TASK INSTRUCTIONS:
Ignore the pictures in the data below and set down exactly the lines from its first line through the line containing "Image similar to".

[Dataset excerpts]
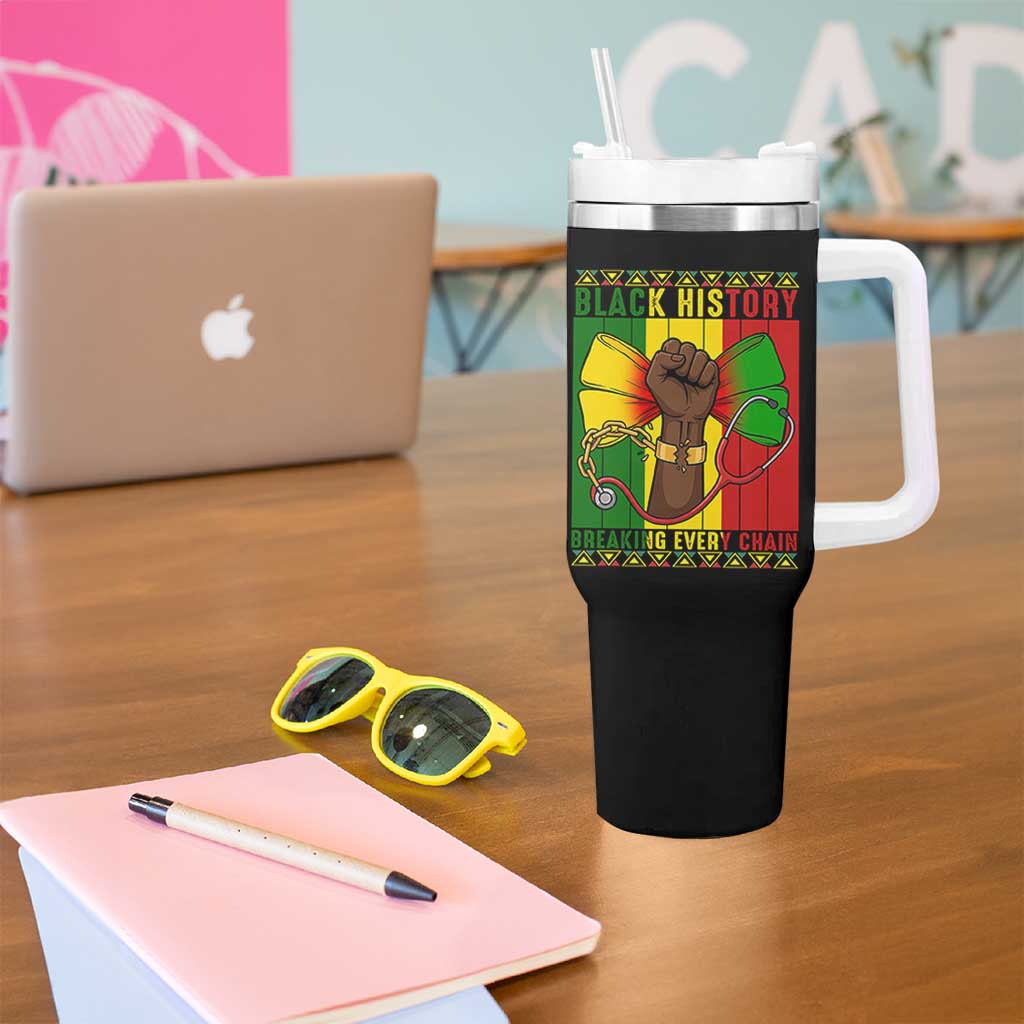 Breaking Every Chain Tumbler With Handle Black History Medical Professional Gift - Wonder Print Shop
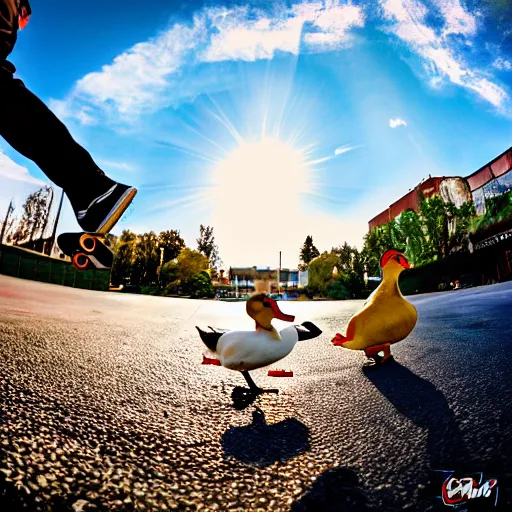 Image similar to skateboarding ducks, asphalt, fish eye lens, hip hop, urban, realistic, picture, full focus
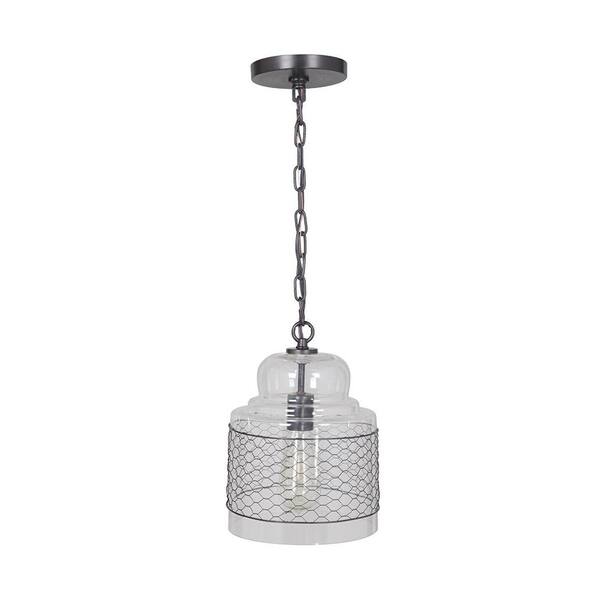 Home Decorators Collection Sutton 1-Light Clear and Metal Hardwire Pendant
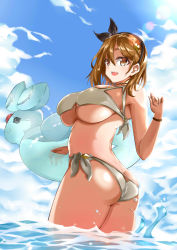 Rule 34 | 1girl, absurdres, ass, atelier (series), atelier ryza, atelier ryza 2, bikini, blue sky, bracelet, breasts, brown eyes, brown hair, butt crack, choker, cloud, day, feet out of frame, hairband, highres, holding, holding swim ring, innertube, jewelry, large breasts, looking at viewer, noazzark, open mouth, outdoors, reisalin stout, short hair, side-tie bikini bottom, sky, solo, swim ring, swimsuit, thick thighs, thighs, twisted torso, underboob, water, white bikini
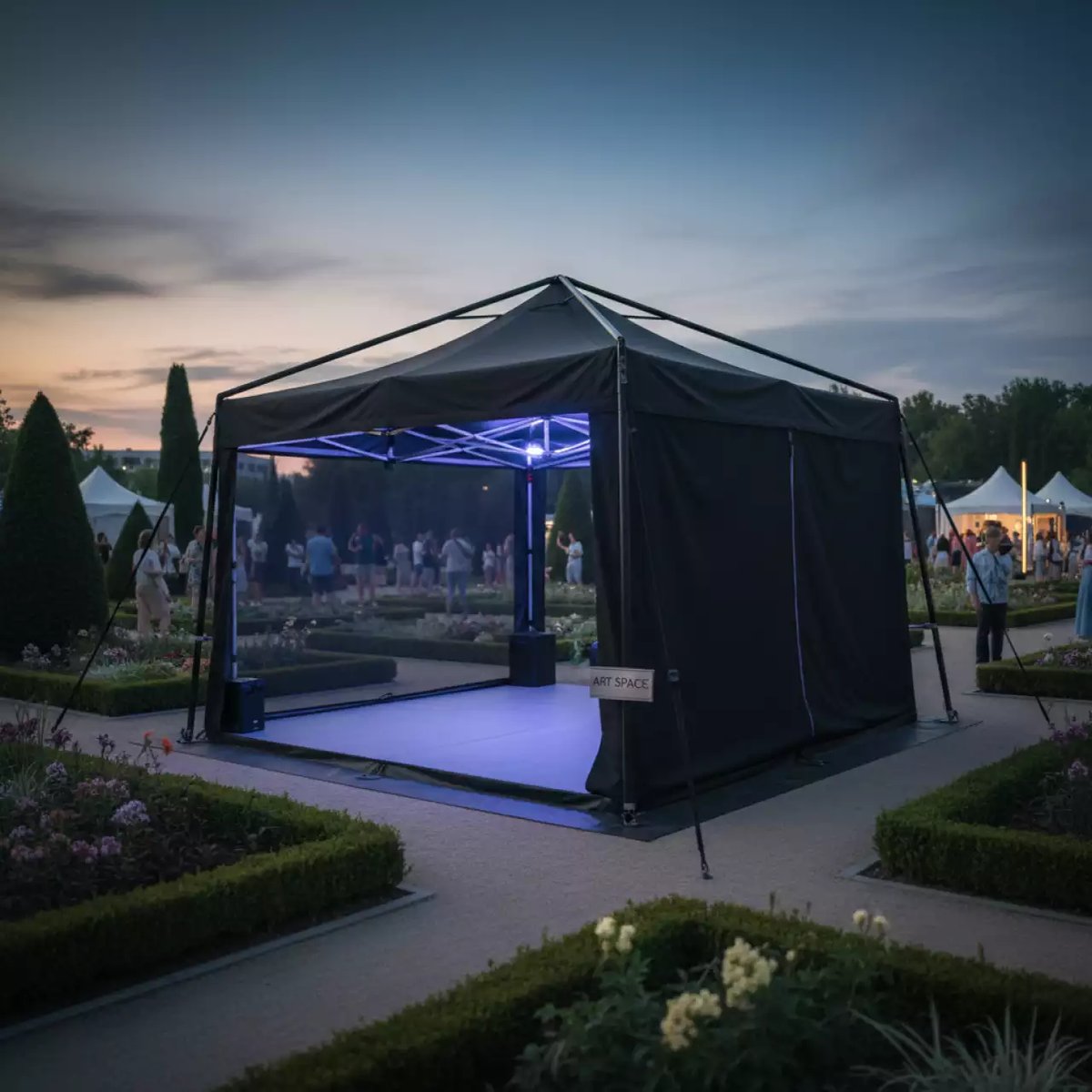 Аренда Тент быстровозводимый чёрный 3х3 м в санатории «Октябрьский» — ART SPACE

RESULT OF THE TASK:
 Breaking Every Chain Tumbler With Handle Black History Medical Professional Gift - Wonder Print Shop
 Image similar to skateboarding ducks, asphalt, fish eye lens, hip hop, urban, realistic, picture, full focus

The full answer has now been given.